What’s wrong with economic theory asked The Economist in July 2009. Since then a lot of ink has been spilled on this issue. The most stimulating discussion — in my opinion — is Colander, Föllmer, Haas, Goldberg, Juselius, Kirman, Lux and Sloth who have written in more detail about the failure of the economic profession in terms of a misallocation of research efforts and the failure to communicate the limitations of the standard macro-models. Their paper is available at IDEAS.
In the UK her majesty the Queen asked how economists could not see the crisis coming and reactions to the question came from Geoffrey Hodgson and colleagues and Tim Besley and colleagues. In a nutshell, Besley tells us that the economists “lost sight of the bigger picture” while Hodgson blames a prefernce for mathematical technique over real-world substance.

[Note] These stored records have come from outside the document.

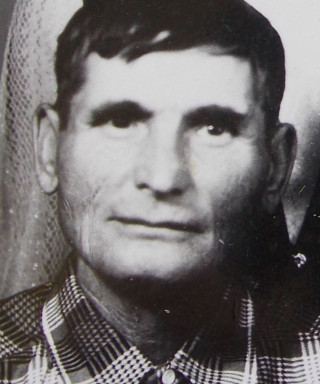 Чариков Егор Кузьмич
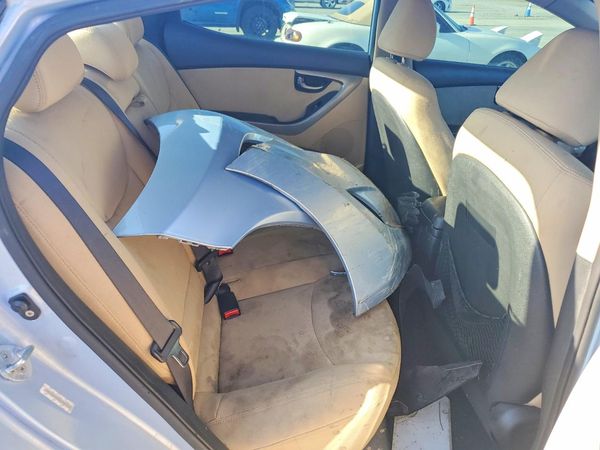 2013 HYUNDAI ELANTRA
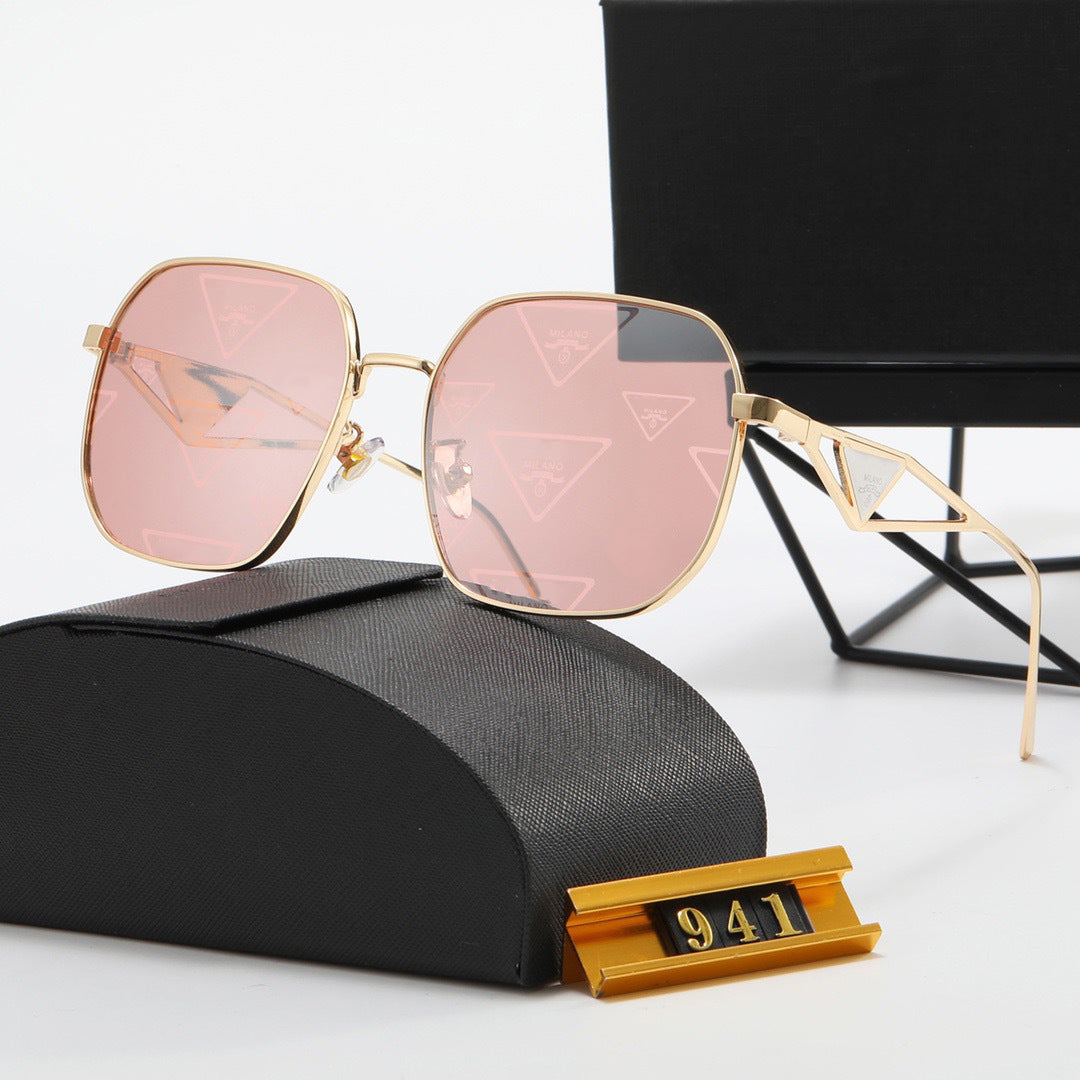 Fashionable Sunglasses for Men and Women P941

In Germany there has been some kind of Methodenstreit which is summarized in Carta. More details are on Rudi Bachmann’s homepage. For those who understand German, the plea for economic policy, as seperated from economic theory and more oriented towards the real world, signed by about onehundred German economists and published in FAZ (5. Mai 2009, Rettet die Wirtschaftspolitik). A comment on the FAZ-article appeared in Handelsblatt, and, as far as I know, there was a session about this at the annual meeting of the Verein fuer Socialpolitik.
Last but not least, the activist magazine Adbusters launched an issue on Though Control in Economics, which is nice for bedtime reading but the criticisms (for example the neglect of environmental degradation) are, I think, familiar to economists.
As I navigate trough the web I’m trying to collect the different pieces and sort the various claims of the debate, and this post is a first attempt in this direction. As I’m trying to get my head around it, three questions emerged:
- Nature of the crisis: How was the misallocation of research efforts possible? How can so many smart economists fail to come up with models that can explain the current crisis? I think this is a question that can only be answered by looking at the sociology of the profession.
- Implications for teaching: How will the economics curriculum change? Are we going to to give our students a copy of Keynes’ General Theory or are we continuing to teach economics as applied mathematics?
- Implications for economics: How far does the current situation challenge the core of mainstream economics? Is this just a temporary crisis for economic theory that will go away after a while, or is it the beginning of a larger shift in how we think about economics?
It will take a few years to find the answer to the third question but questions #1 and #2 should be discussed and I hope that I can find some time to think about them more deeply.